### SOURCE DATA
+--
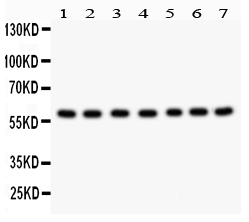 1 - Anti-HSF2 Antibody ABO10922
+--
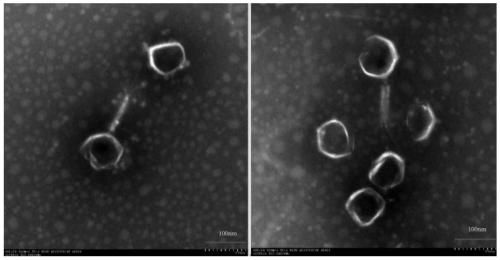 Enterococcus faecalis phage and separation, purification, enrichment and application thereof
+--
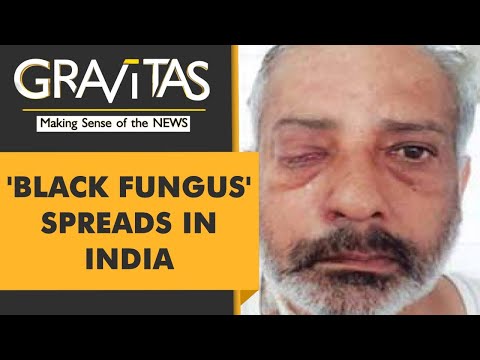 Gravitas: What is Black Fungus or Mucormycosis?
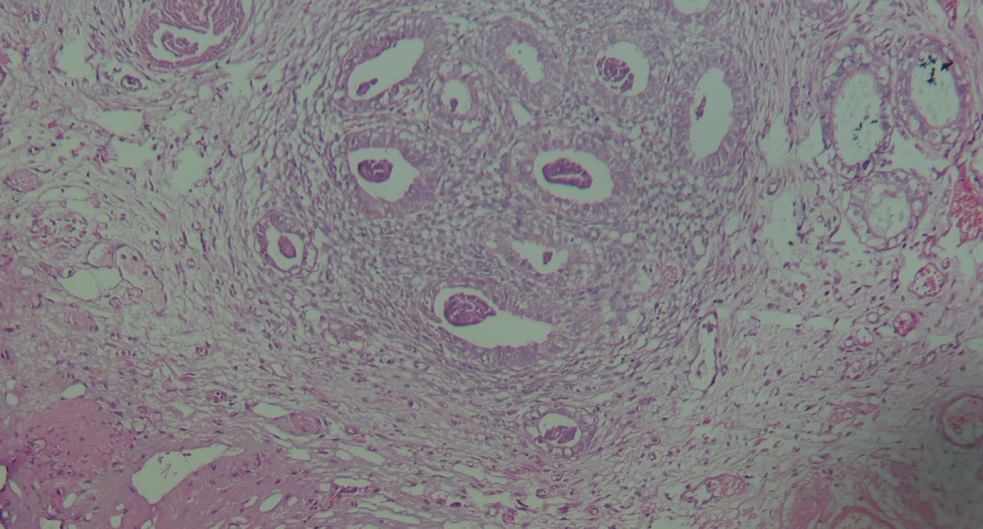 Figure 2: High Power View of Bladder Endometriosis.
+--
### WHAT YOU SHOULD DO
Give back exactly the lines above from the one with "Gravitas: What is" through the one with "Figure 2: High", both included. Pictures don't belong in the copy.

### RESULT OF THIS EXERCISE
 Gravitas: What is Black Fungus or Mucormycosis?
 Figure 2: High Power View of Bladder Endometriosis.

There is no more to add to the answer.